Kiai Marzuki pun pernah merasakan sendiri keikhlasan dari Gus Dur saat dirinya mendapatkan sarung merk BHS yang diberikan Gus Dur melalui seorang Habib di Sidoarjo. Habib tersebut berkata bahwa sarung itu adalah titipan dari Gus Dur yang harus diberikan kepada para kiai setelah Gus Dur meninggal Dunia. Karena ketika dibagi sebelum Gus Dur meninggal, maka para kiai akan mengucapkan terima kasih kepada Gus Dur.
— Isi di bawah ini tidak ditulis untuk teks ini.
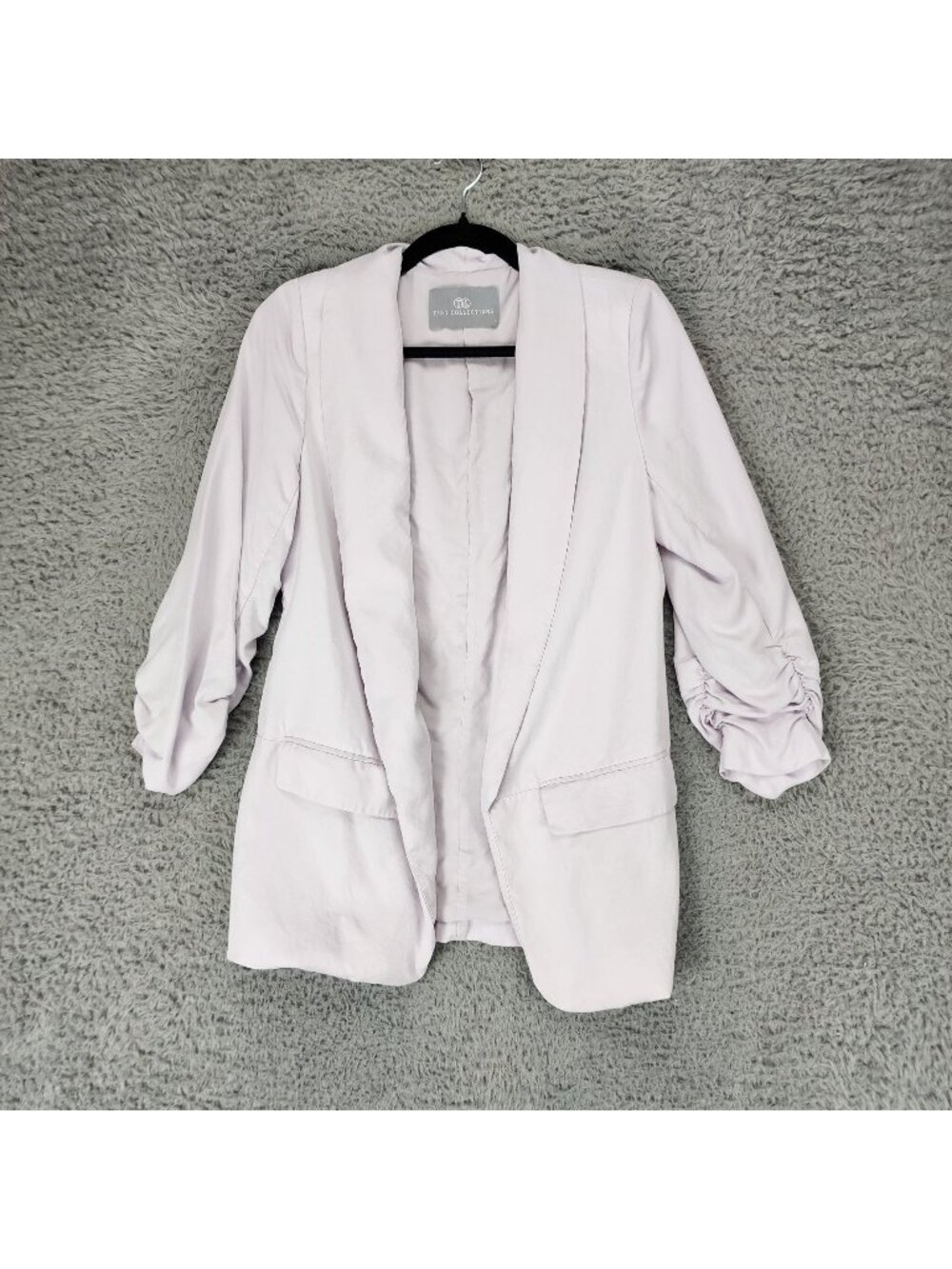 Tart Collections Jacket Womens Small Light Purple Ruched Sleeve Blazer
Maka itu, sampai sekarang sarung itu pun sangat disayang oleh Kiai Marzuki. Ia menyebut sarung tersebut sebagai piagam dari Gus Dur.

Kisah lain keikhlasan sosok Gus Dur adalah ketika ditanya oleh seseorang tentang apa yang paling penting di dalam hidupnya. Gus Dur pun menjawab baginya yang terpenting nomor satu adalah bangsa, nomor dua adalah NU dan nomor 3 adalah keluarga.

Ini pun bukan omongan belaka. Prinsip ini benar-benar dibuktikan oleh Gus Dur saat suatu hari baru kembali dari Italia membawa uang yang cukup banyak. Ia tidak langsung pulang ke rumahnya namun mampir mampir terlebih dahulu di Kantor NU.

Uang yang dibawa tersebut langsung habis dibagikannya kepada seluruh pegawai di kantor NU. Tidak ada yang tersisa untuk keluarga di rumah. Ketika Ibu Shinta Nuriyah (Istri Gus Dur) menanyakan uang tersebut untuk mengirim biaya putrinya yang sedang kuliah di Universitas Gajah Mada, Gus Dur pun menjawab bahwa uang tersebut sudah dibagikannya ke pegawai di Kantor NU.

Ibu Shinta pun jengkel dan menanyakan alasan kenapa uang tersebut dihabiskan di Kantor NU. Ditengah Ibu Shinta meluapkan kejengkelannya, Gus Dur malah bisa tertidur pulas, tidak mendengarkan apa yang dikatakan oleh istrinya. Ternyata prinsip “Emang Gue Pikirin, Gitu Aja Kok Repot” benar-benar tertanam dalam diri Gus Dur. Ia tetap sabar dan ikhlas walaupun dimarah dan diomong apapun oleh orang lain.

Gus Dur tidak punya hasrat agar amal baiknya dipuji oleh orang lain. Yang terpenting menurutnya Allah lah yang akan mencatatnya. Itulah mengapa saat Gus Dur wafat, orang yang semasa hidupnya mengkafir-kafirkan dan mengatakan Gus Dur sesat dan sebagainya merasa kehilangan dan semua orang pun menangis. Gus Dur memiliki magnet yang sangat kuat karena keikhlasan yang dicontohkannya semasa hidup di dunia.